This impression could scarcely be further from the truth. Politicians are quite honest, and they usually try to keep their campaign promises. On average, about 2/3 of campaign promises are kept. Most of those that aren’t are largely given up under heavy opposition, not simply ignored because they weren’t real objectives. Politicians are distrusted, while clergy are trusted—despite the fact that clergy quite literally make their entire career out of selling beliefs that are demonstrably false and in most cases outright absurd.

Along similar lines, most people seem to have an impression that democracy is largely a show, and powerful oligarchs make most of the real decisions behind the scenes—even Jimmy Carter has been saying this recently. While there is evidence that the rich have disproportionate power over politicians, this is largely only true of Republicans; and furthermore the theory that democracy is meaningless can’t explain two rather important facts:

1. Economic prosperity is strongly correlated with democracy—more strongly correlated than most economists believed until quite recently. Even the “Miracle of Chile” didn’t actually occur when Pinochet reformed the economy—it occurred in the 1990s, after Pinochet ceded power to a democratic government. Stronger democracy is also strongly linked to better education, though surprisingly has little correlation with inequality.

2. Democratic states almost never go to war with one another. Democracies go to war with non-democracies, and non-democracies go to war with one another; but with a few exceptions (and largely limited to young, unstable democracies), democracies do not go to war with other democracies.

If democracy meant nothing, and were all just a sideshow that the elites use to manipulate us, these results would simply be impossible. If voting did not actually shape policy in some fashion, policy outcomes for democracies and non-democracies would have to be identical. In fact they are wildly different, so different it’s actually kind of hard to explain.

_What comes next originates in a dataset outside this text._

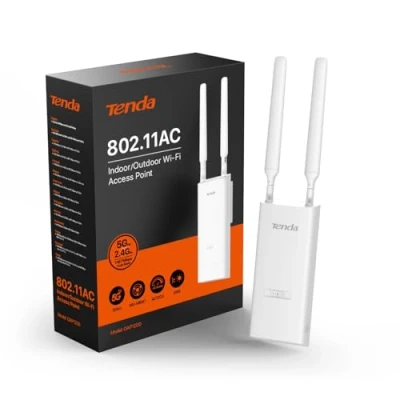 Immagine di Tenda OAP1200 Access Point Esterno AC1200 Doppia Banda, Indoor/Outdoor 1200Mbps, IP65, MU MIMO, OFDMA, Roaming Senza Interruzioni, Fino a 256 Dispositivi, PoE 802.3af &amp; Passive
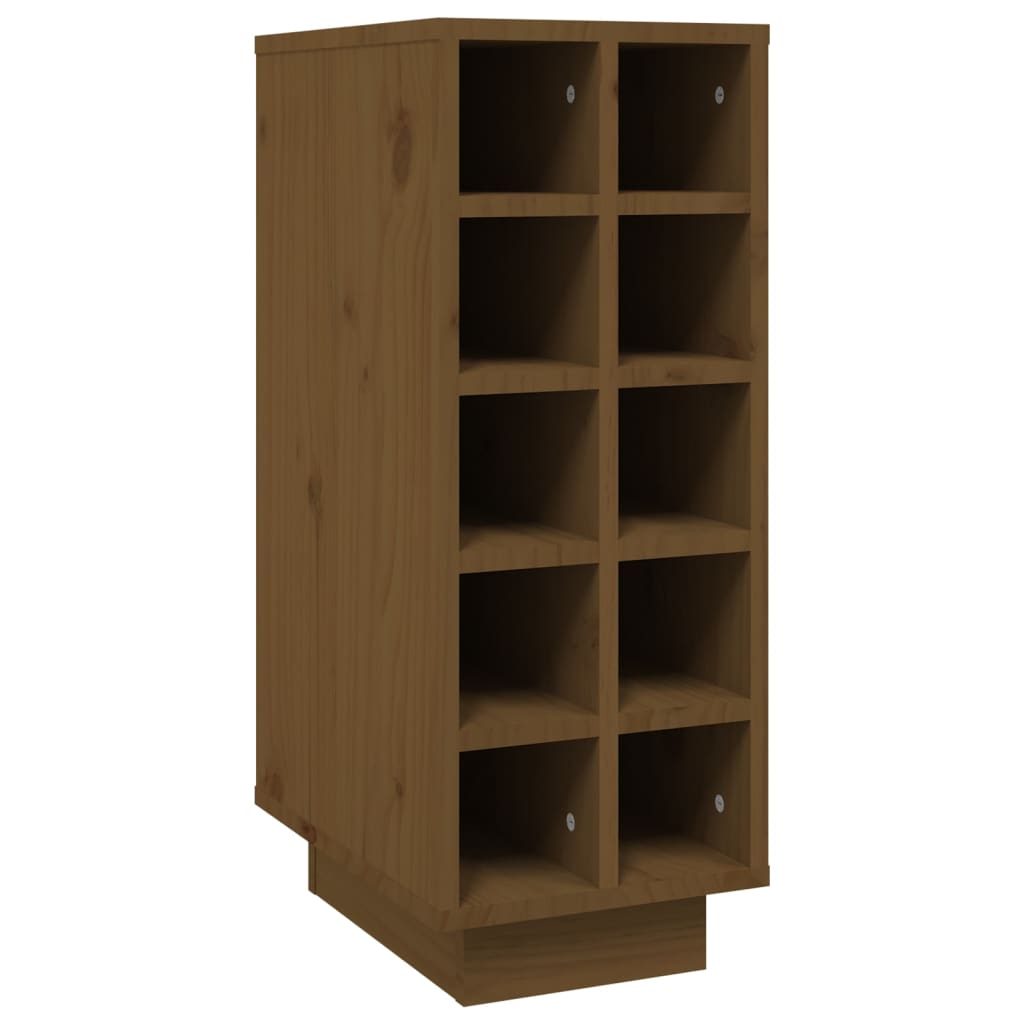 vidaXL Wine Cabinet Honey Brown 23x34x61 cm Solid Wood Pine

Apparently similar policies simply seem to work better when they are implemented by democracies—perhaps because in order to be passed in the first place they must have a certain amount of buy-in from the population.

In fact, politicians are more honest than we’d expect them to be based on the incentives provided by elections—they seem to either be acting out of genuine altruism or to advance their reputation in other ways.

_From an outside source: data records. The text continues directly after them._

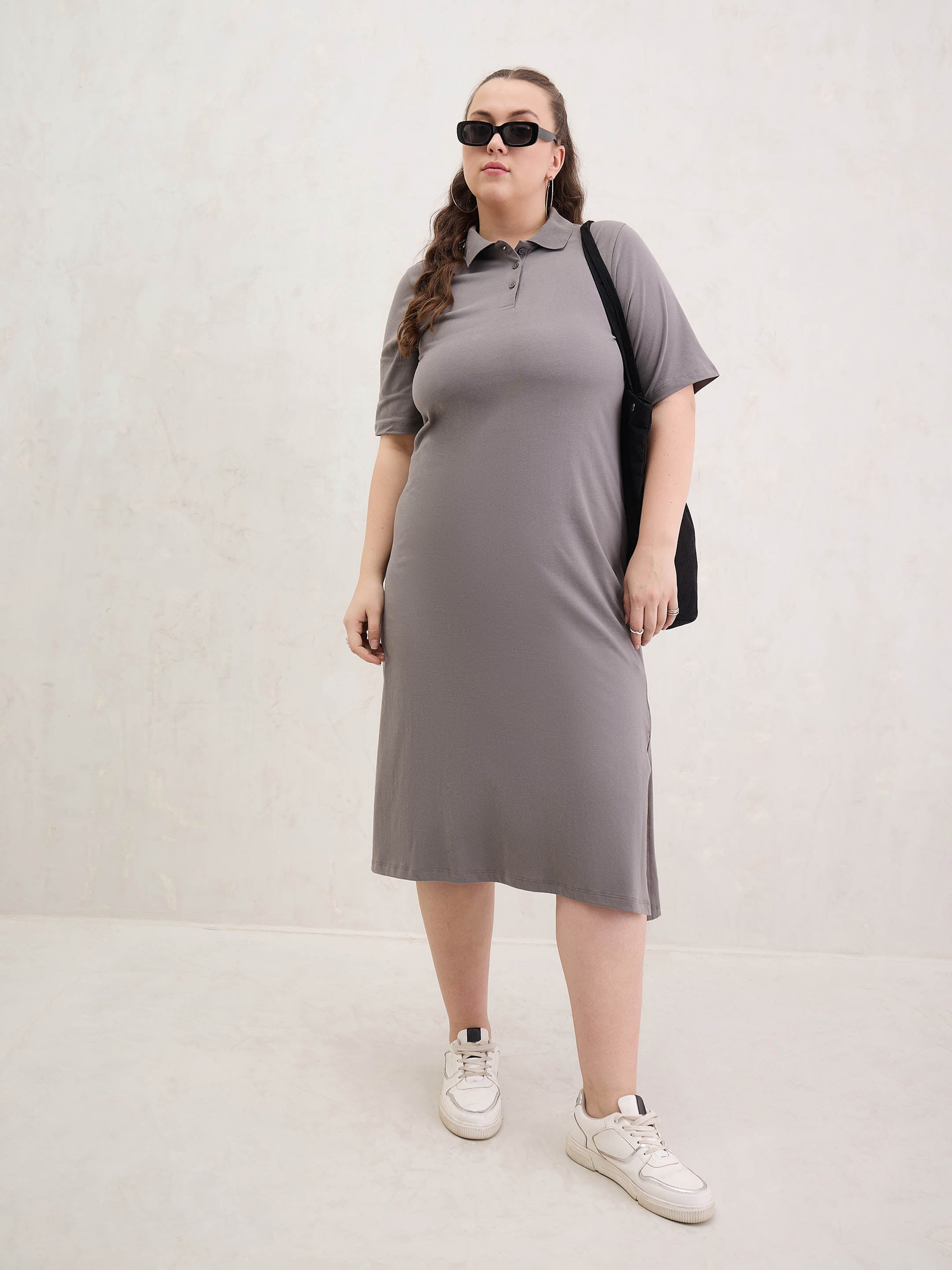 Women Grey Polo Neck Side Slit Midi Dress-SFDRSS13054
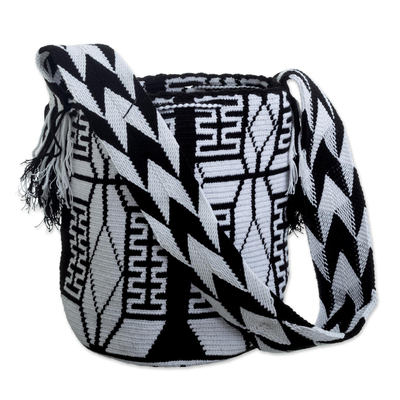 Hand-crocheted bucket bag, 'Bold Night' - Black and White Bucket Bag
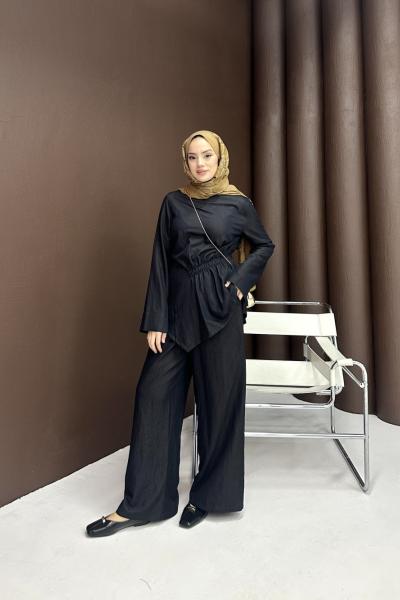 Büzgü Detay Kot Takım Siyah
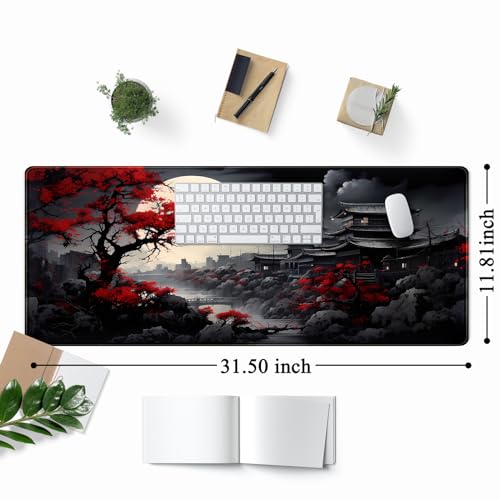 Riverside Full Moon Desk Mat Japanese Desk Pad Black Red Large Mouse Pad Gaming Mousepad Extended XXL Keyboard Pad 31.5 x 11.8 in Laptop Computer Mouse Keyboard Mat for Office Decor - color: Black Full Moon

Neoclassical economic theory actually has trouble explaining why politicians are so honest—which may have something to do with the fact that politicians who were trained as neoclassical economists are more likely to be corrupt. A similar effect holds for undergraduate students in experiments. Teaching people that human beings are infinite identical psychopaths seems to make them behave a bit more like psychopaths! (Though some of this may also be selection bias: Psychopaths may find economics appealing either because the ideology justifies their behavior or because it’s a pretty lucrative field.)

Part of this false impression clearly comes from the media, and from politicians slandering each other. Hillary Clinton has an almost impeccable fact-check rating—comparable to or arguably even better than Bernie Sanders and John Kasich, both of whom have majority “Mostly True” or “True” ratings. All three are miles ahead of Donald Trump and Ted Cruz, both of whom are over 60% “Mostly False”, “False”, or “Pants on Fire” (the latter is 18% of what Donald Trump says). And yet, Hillary Clinton is widely perceived as dishonest and Donald Trump is widely perceived as “speaking his mind”. Maybe people think Trump is honest because he keeps saying he is. Or maybe it’s because he’s honest about his horrible motivations, even though he gets most of the facts wrong.

These facts should give us hope! Our votes are not meaningless, and our voices do make a difference. We are right to be obsessed with keeping our politicians honest—but it’s time we recognize that it’s working. We are doing something right. If we can figure out what it is, maybe we can do even better.The last thing we want to do right now is throw up our hands and give up.